**What you have to do**
Given the records below, the lines starting at the line with "AIYAPLAY Elektro Kindermotorrad" and ending at the line with "Glasbilder canadastock: Panora" should be output exactly, both end lines kept and pictures left out.

══════

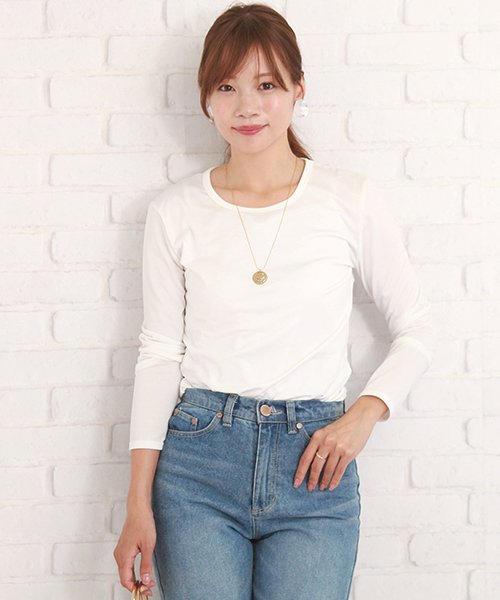 裏起毛トップス インナー レディース ブラック 黒 白 あったか 保温 Vl 5067 W W アミュレット Amulet Magaseek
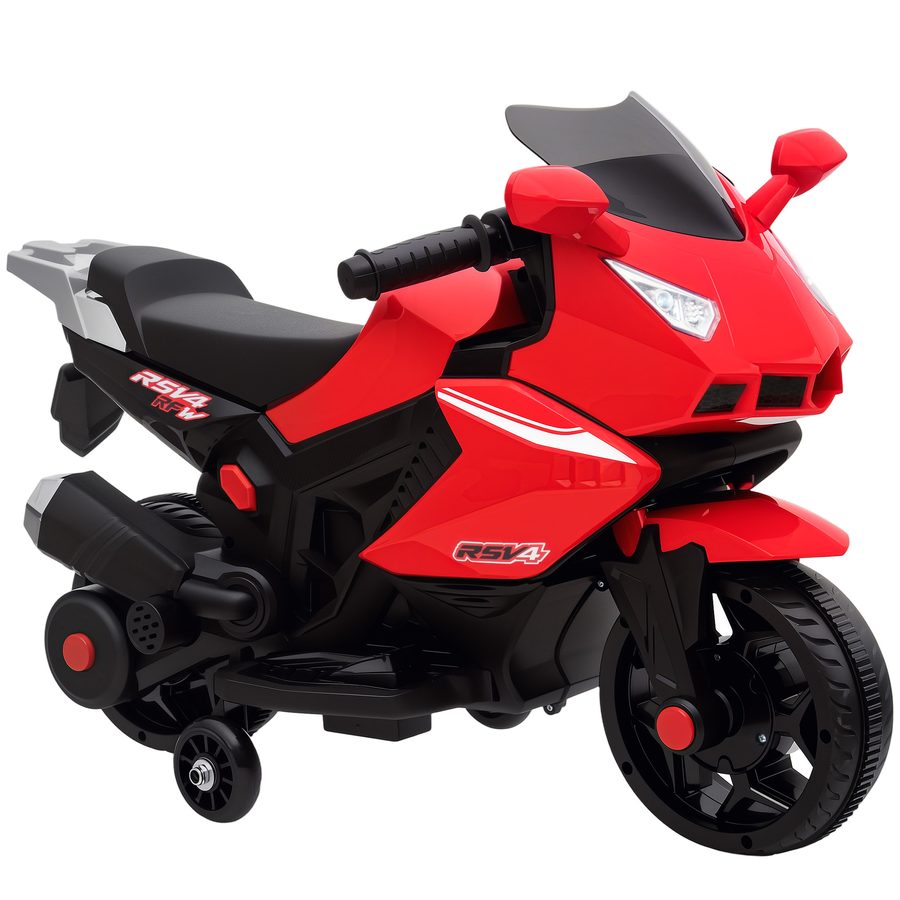 AIYAPLAY Elektro Kindermotorrad Elektromotorrad mit USB, Stützrädern, Musik, Hupe Scheinwerfer, Kinder Elektro Motorrad mit 2 Stützrädern für Kinder 1,5–3 Jahren Rot   Aosom von AIYAPLAY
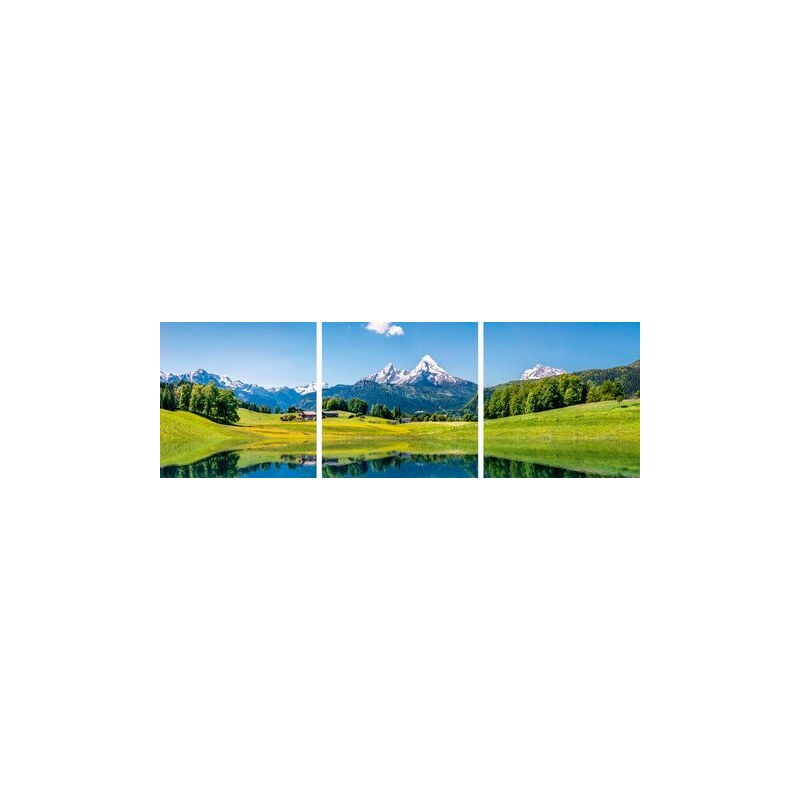 Glasbilder canadastock: Panora einer Landschaft in den Alpen 3x 30/30 cm HOME AFFAIRE blau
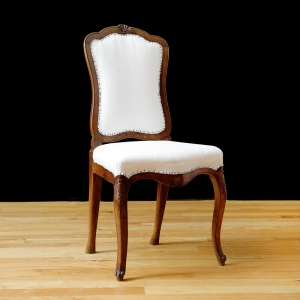 Pair of Dutch Belle Epoque Chairs in Walnut with Upholstered Seat & Back, circa 1900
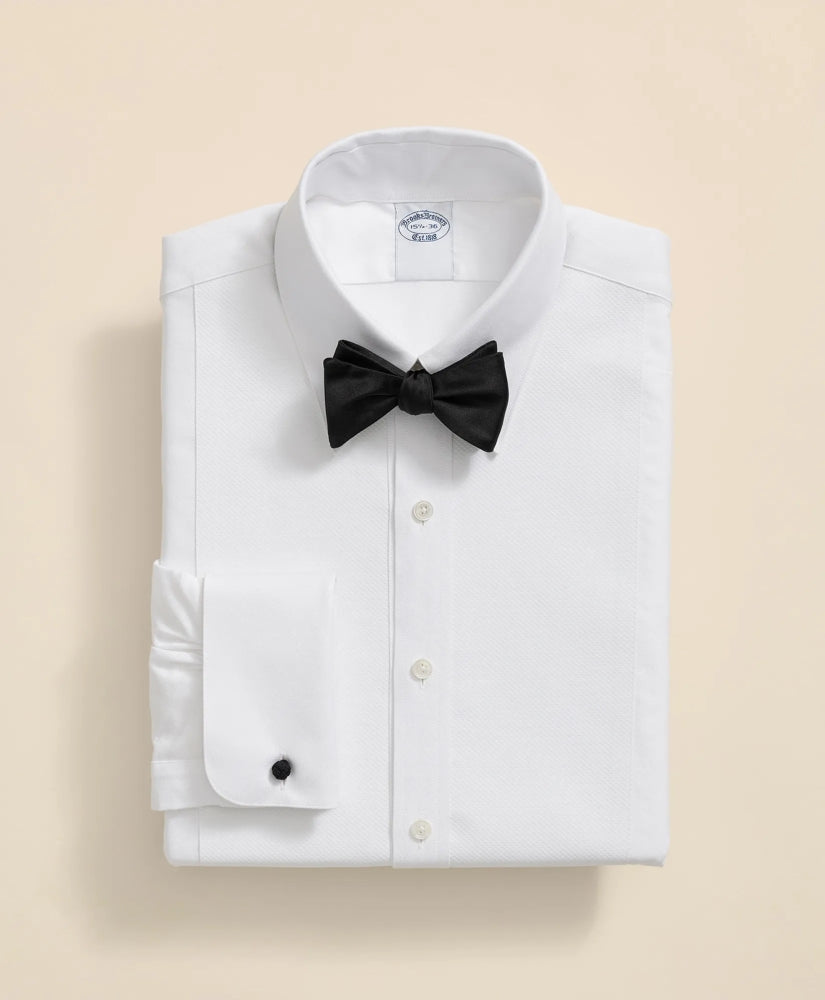 Cotton Oxford Button-Down Collar Pique Bib Tuxedo Shirt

══════

**Result of this exercise**
 AIYAPLAY Elektro Kindermotorrad Elektromotorrad mit USB, Stützrädern, Musik, Hupe Scheinwerfer, Kinder Elektro Motorrad mit 2 Stützrädern für Kinder 1,5–3 Jahren Rot   Aosom von AIYAPLAY
 Glasbilder canadastock: Panora einer Landschaft in den Alpen 3x 30/30 cm HOME AFFAIRE blau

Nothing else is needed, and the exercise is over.